EŞ VE YAKIN ANLAMLI / ANLAMDAŞ KELİMELER

Yazılışları ve okunuşları farklı anlamları aynı olan sözcüklere eş anlamlı (anlamdaş) kelimeler-sözcükler denir.

* Bunlar cümlede birbiriyle yer değiştirdiklerinde cümlenin anlamında değişiklik ve bozulma olmaz. Yukarıda örnekler verilmiştir.
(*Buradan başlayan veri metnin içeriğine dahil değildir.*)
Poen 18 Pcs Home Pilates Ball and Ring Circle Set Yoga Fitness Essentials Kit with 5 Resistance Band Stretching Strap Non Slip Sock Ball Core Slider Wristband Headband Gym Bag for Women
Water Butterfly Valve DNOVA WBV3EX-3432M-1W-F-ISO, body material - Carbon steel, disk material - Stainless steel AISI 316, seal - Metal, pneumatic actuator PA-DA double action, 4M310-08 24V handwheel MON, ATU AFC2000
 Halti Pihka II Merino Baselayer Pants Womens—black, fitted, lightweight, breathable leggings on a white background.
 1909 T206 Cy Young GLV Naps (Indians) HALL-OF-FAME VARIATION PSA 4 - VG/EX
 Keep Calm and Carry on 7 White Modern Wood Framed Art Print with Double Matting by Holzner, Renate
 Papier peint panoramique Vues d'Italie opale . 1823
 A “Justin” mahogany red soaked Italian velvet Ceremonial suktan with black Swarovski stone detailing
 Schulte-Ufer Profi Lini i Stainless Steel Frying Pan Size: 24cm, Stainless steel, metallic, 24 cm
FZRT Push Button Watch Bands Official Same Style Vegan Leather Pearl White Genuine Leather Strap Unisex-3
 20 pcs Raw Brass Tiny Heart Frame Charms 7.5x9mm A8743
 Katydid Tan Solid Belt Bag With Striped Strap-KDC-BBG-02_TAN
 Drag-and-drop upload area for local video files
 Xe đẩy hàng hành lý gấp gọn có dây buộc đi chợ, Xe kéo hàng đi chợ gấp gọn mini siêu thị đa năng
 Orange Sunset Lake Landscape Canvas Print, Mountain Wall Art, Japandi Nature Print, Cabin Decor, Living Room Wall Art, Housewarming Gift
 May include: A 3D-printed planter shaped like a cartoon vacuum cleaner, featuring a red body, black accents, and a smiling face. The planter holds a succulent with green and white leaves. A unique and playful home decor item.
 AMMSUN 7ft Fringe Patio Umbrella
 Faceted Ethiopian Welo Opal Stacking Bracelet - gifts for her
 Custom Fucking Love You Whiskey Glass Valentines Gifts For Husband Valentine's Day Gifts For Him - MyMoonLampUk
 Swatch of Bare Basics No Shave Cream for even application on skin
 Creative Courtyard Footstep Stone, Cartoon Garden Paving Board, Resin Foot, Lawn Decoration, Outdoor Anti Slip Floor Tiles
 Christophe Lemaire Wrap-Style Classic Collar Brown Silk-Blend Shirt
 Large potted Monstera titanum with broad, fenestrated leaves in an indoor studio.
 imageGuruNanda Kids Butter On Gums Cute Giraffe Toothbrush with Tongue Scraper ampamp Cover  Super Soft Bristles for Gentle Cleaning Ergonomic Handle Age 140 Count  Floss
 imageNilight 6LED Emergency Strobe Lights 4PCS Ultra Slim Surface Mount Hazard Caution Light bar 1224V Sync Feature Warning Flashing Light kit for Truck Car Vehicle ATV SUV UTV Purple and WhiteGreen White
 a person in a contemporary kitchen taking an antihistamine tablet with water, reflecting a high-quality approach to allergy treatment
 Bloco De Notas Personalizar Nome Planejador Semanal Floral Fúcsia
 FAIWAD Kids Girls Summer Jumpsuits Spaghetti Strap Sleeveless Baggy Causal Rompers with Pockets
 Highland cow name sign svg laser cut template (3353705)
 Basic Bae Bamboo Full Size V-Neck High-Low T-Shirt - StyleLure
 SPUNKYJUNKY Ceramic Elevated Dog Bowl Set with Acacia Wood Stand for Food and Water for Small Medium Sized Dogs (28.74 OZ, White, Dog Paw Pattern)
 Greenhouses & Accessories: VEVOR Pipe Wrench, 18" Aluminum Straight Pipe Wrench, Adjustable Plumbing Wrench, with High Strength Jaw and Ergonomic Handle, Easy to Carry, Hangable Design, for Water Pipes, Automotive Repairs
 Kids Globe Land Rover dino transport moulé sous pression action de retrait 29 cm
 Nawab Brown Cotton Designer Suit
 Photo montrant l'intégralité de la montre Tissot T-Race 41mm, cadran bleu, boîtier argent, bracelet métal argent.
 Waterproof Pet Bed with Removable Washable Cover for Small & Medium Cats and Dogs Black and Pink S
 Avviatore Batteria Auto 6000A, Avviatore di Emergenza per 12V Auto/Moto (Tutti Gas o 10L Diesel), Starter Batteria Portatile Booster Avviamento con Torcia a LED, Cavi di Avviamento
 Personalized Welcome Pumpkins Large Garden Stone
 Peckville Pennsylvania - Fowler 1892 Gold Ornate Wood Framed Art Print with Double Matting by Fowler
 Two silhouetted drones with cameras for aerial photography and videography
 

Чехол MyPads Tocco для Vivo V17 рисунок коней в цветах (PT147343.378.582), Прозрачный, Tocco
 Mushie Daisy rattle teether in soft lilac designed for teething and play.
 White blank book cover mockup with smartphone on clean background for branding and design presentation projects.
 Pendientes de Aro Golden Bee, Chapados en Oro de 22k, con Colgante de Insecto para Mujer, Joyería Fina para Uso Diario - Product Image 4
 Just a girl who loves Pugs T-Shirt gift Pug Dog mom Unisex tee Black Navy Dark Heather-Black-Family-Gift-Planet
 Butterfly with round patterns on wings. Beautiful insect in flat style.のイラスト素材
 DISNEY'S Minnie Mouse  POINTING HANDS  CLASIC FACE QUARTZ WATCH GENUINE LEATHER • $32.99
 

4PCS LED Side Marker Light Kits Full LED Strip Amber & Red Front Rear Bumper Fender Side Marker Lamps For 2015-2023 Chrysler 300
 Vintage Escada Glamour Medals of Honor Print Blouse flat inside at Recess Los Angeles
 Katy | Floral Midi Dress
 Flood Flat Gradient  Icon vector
* Sözcüklerin eş anlamlı olup olmadıkları, cümle içindeki kullanımlarından belli olur. Yani bir sözcüğün farklı cümlelerde değişik eş anlamları karşımıza çıkabilir.
Örnek :
- Kömür karası gözleri ışıl ışıl parlıyordu. (Kara-Siyah)
- Dost, kara günde belli olur. (Kara-Kötü)

* Eş anlamlılıkla ilgili sorular, bazen "altı çizili sözcüğün cümleye kattığı anlam", "hangisinde...anlamı vardır?" gibi de sorulabilir.


Anlamdaş (eş anlamlı) olmadıkları halde zaman zaman birbirinin yerine kullanılan sözcüklere yakın anlamlı sözcükler denir. Bakmak, görmek, izlemek, seyretmek gibi.